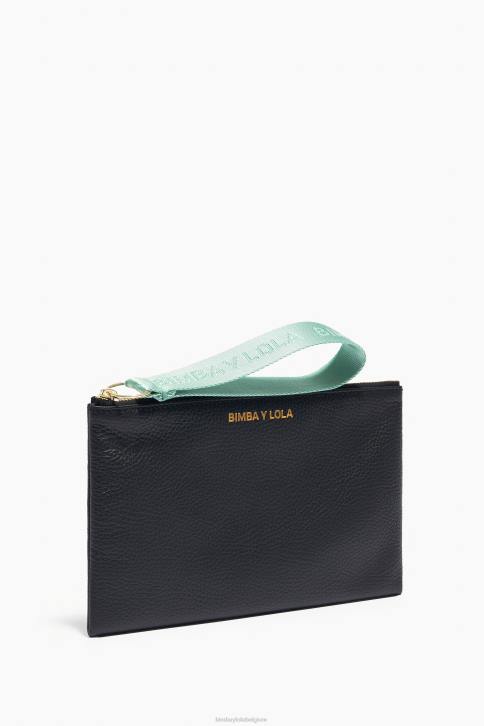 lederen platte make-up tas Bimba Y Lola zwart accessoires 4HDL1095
* * *
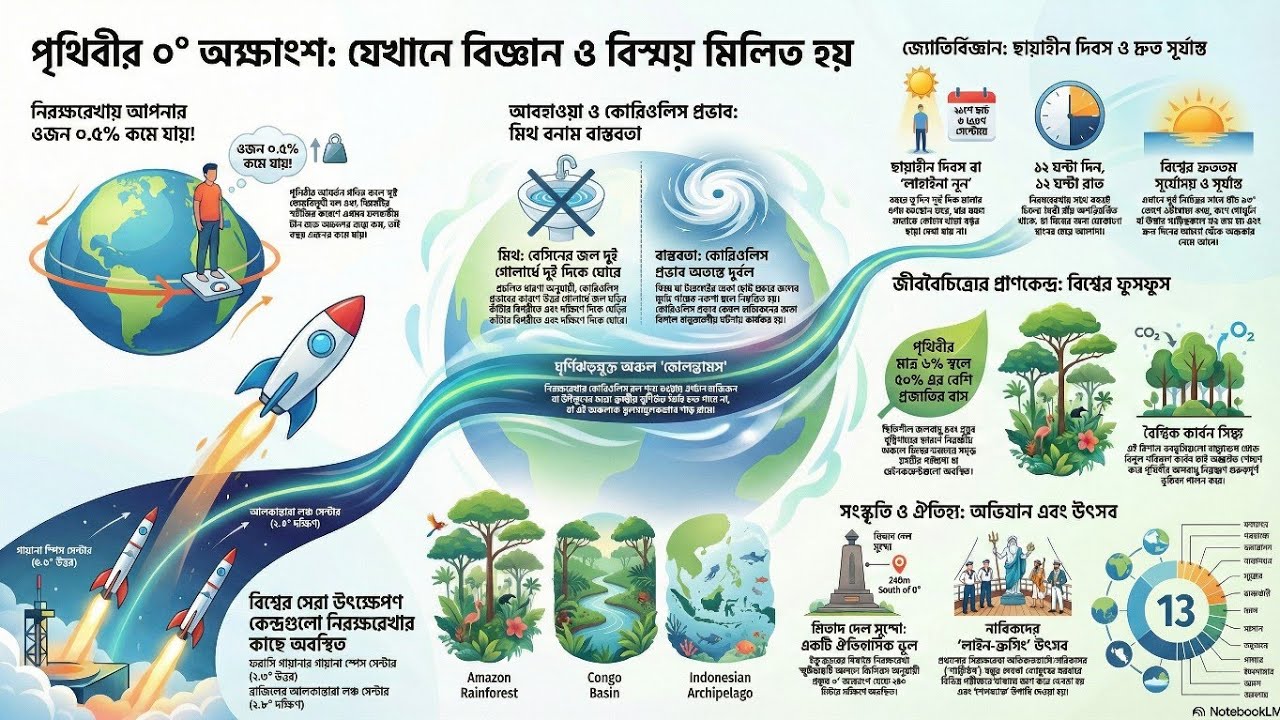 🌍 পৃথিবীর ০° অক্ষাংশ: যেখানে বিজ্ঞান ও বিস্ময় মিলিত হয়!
---
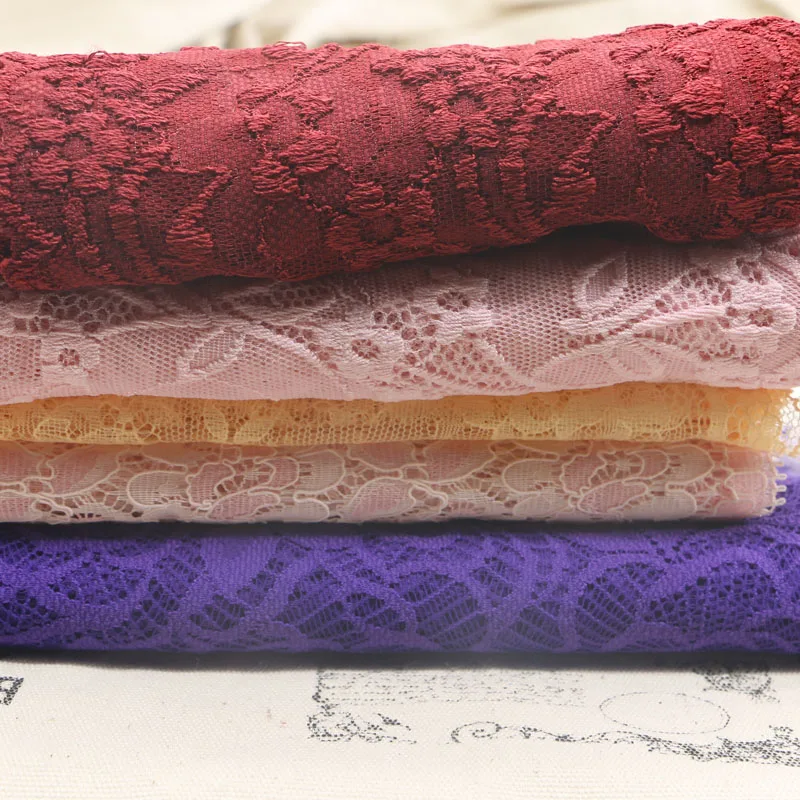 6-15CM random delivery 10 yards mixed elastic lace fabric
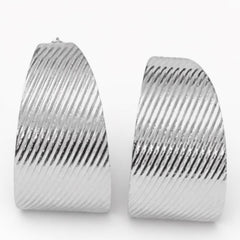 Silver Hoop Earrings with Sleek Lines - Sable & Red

▶ _Task details_
The answer is the lines of the material above, from the one containing "6-15CM random delivery" down to the one containing "Silver Hoop Earrings", given exactly and without images.

▶ _Task result_
 6-15CM random delivery 10 yards mixed elastic lace fabric
 Silver Hoop Earrings with Sleek Lines - Sable & Red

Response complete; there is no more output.